* Activity:
Could you copy exactly the lines from the one containing "Bir hazine çantası simgesinin vektör çizimi" through the last line of the records, leaving out every picture?

● ● ● ● ●

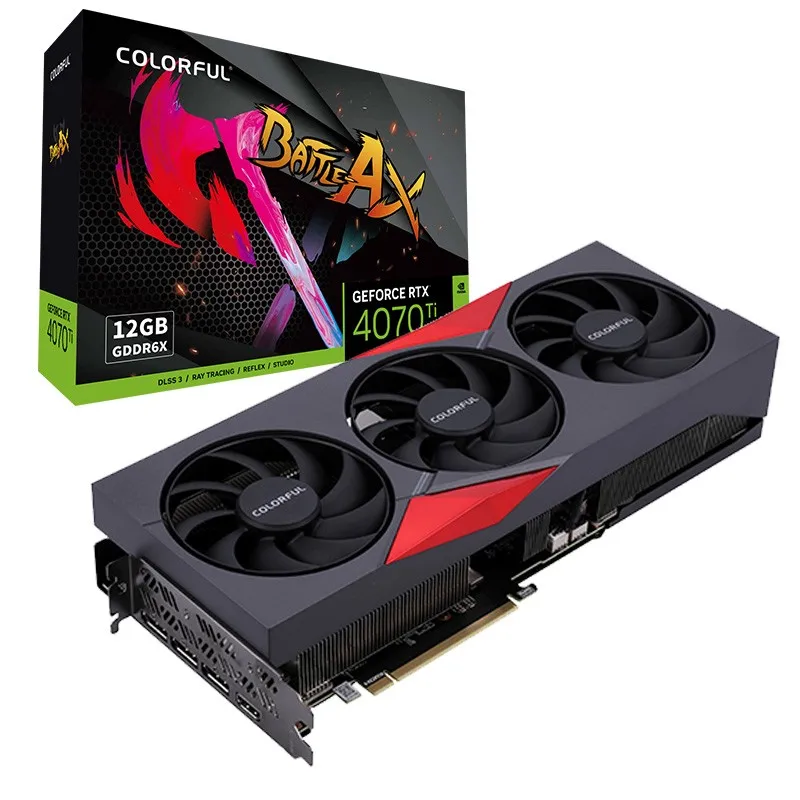 Colorful GeForce RTX™ 4070 Ti NB EX-V, 12GB, GDDR6X with DLSS 3
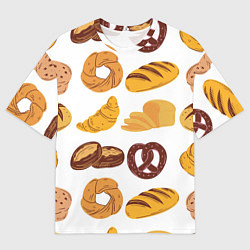 Футболка оверсайз мужская Булки, цвет: 3D-принт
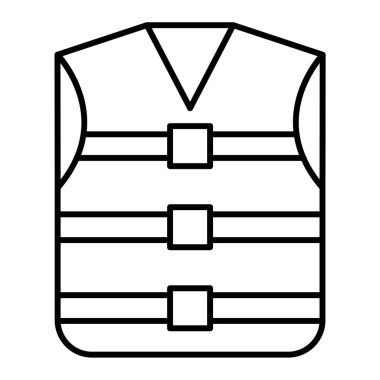 Bir hazine çantası simgesinin vektör çizimi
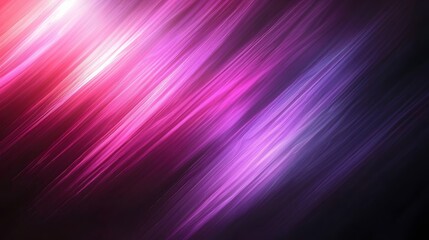 Fototapeta premium Abstract design with diagonal lines of vibrant color gradients.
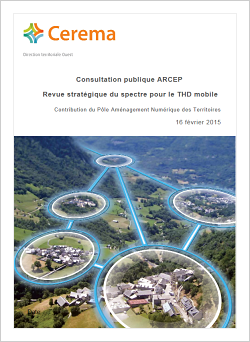 Consultation publique Arcep - Revue stratégique du spectre pour le THD mobile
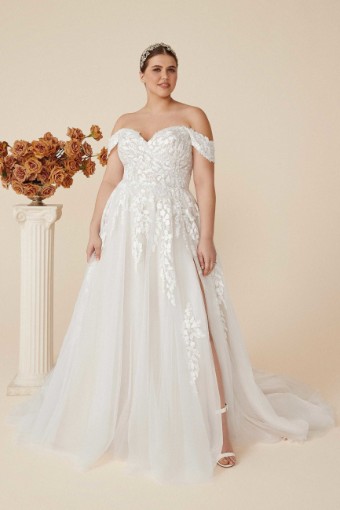 Justin Alexander Plus Size Style #88219klkk #0 default Ivory/Ivory/Ivory thumbnail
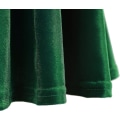 Miniatyrbillede 5 af 5: Dame Basic Alsidig Strækbar Udsvinget Casual Mini Skater Nederdel Green XL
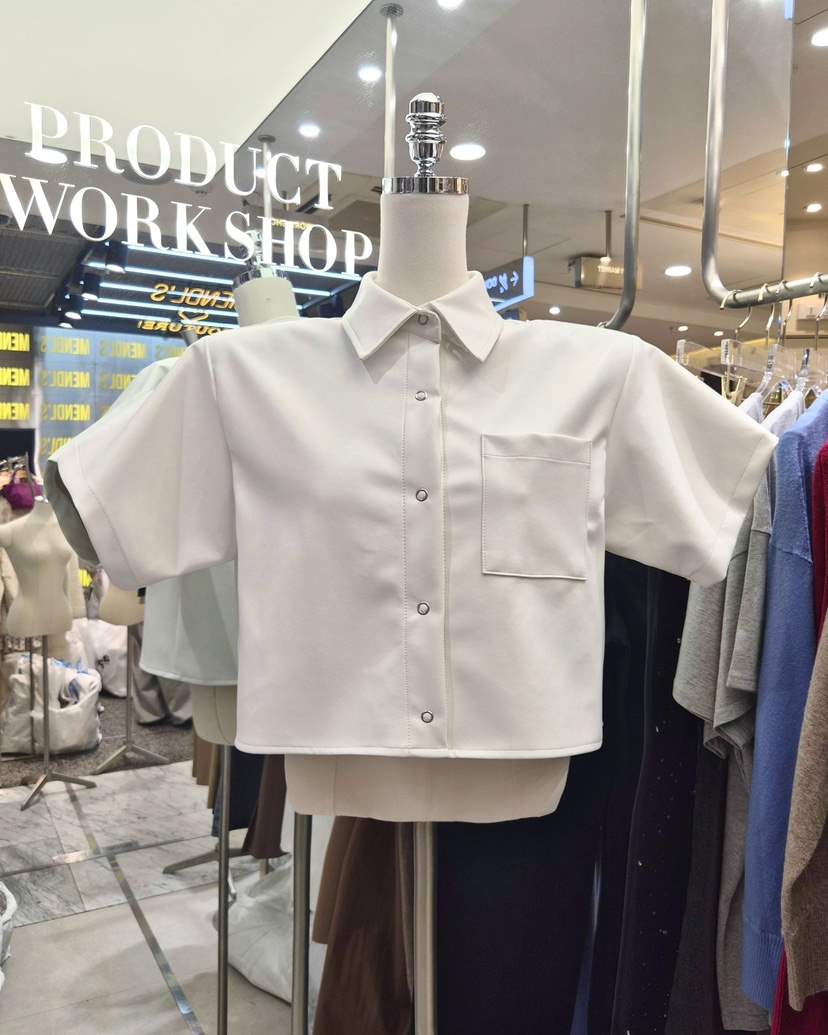 WORK SHOP韓國直郵女裝新款熱賣休閑推薦真品襯衫蕾絲衫Work_shop襯衫/蕾絲衫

● ● ● ● ●

* Result for this task:
 Bir hazine çantası simgesinin vektör çizimi
 Fototapeta premium Abstract design with diagonal lines of vibrant color gradients.
 Consultation publique Arcep - Revue stratégique du spectre pour le THD mobile
 Justin Alexander Plus Size Style #88219klkk #0 default Ivory/Ivory/Ivory thumbnail
 Miniatyrbillede 5 af 5: Dame Basic Alsidig Strækbar Udsvinget Casual Mini Skater Nederdel Green XL
 WORK SHOP韓國直郵女裝新款熱賣休閑推薦真品襯衫蕾絲衫Work_shop襯衫/蕾絲衫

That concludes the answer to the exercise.